The four were more or less identical three pound splitting wedges. Three of them have been around since forever; I don't know where they originally came from. The fourth one I found on the side of the road last year; I literally reached down and picked it up while stuck in stop-and-go traffic on Beast.
They all exhibited a certain degree of mushrooming. The mushrooming is the main focus of my efforts. I remember a few decades ago, splitting with a mushroomed wedge and a sledge hammer on a cool Vermont fall day. There was pinging sound, and I felt a sting in my bicep. There I found a hot chip of steel, hooked with a little barb, stuck in my skin. I was lucky; people have been killed by flying bits of wedge shrapnel.
So I grabbed the hand grinder and set to work. Four objects, four facets, four edges, two facets. A section of log served as the workbench; my workpiece was held in place by another wedge and braced by my foot. A spray of orange sparks splashed faintly across the log and my shoe in the brilliant fall sunlight.
The deformed metal slowly burned away, transformed into a hundred thousand tiny grains of oxide hanging on the air. The facets of the wedge slowly reemerged as brilliant gleaming silver planes, intersecting as crisp sharp angles. When the facets were all plane, I ground the corners away, leaving gently rounded intersections less prone to deformation and mushrooming.

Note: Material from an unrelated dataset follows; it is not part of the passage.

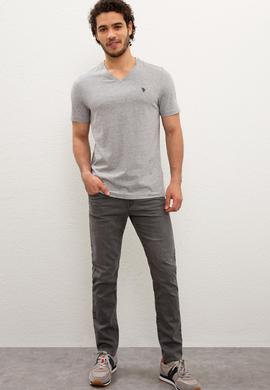 Erkek Gri Melanj Basic Tişört - 50222610034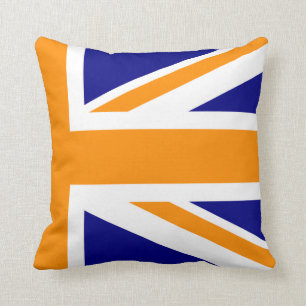 Navy and Orange Union Jack Half Throw Pillow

Grind, turn, grind, turn, grind. The world around me disappears, focusing down to the intersection of a rapidly rotating abrasive wheel, a three pound chunk of steel, a spray of orange sparks, the desired geometry. The hazard of deformation reduced, utility can be addressed.
A splitting wedge does not have or need a cutting edge, like an ax. It works by separating wood fibers; it is less effective if it cuts those fibers instead. But, a blunt edge will not make that first bite into the end grain; it will take more effort and more time. So some edge is desirable, and unlike the reshaping of the deformed metal at the blunt end, restoring the narrow end takes but a pass or two with the grinder.
Deformation removed, edges restored, the wedges are returned to their original form. I take them inside, scrub them down, and warm them over the stove to thoroughly dry them. I then repaint the sides a bright red to make them stand out in the litter and clutter of a woodyard, where the native dull color of steel seems to blend right into the background.
Four objects, four facets, four edges, two facets. Meditation done, now the work can begin.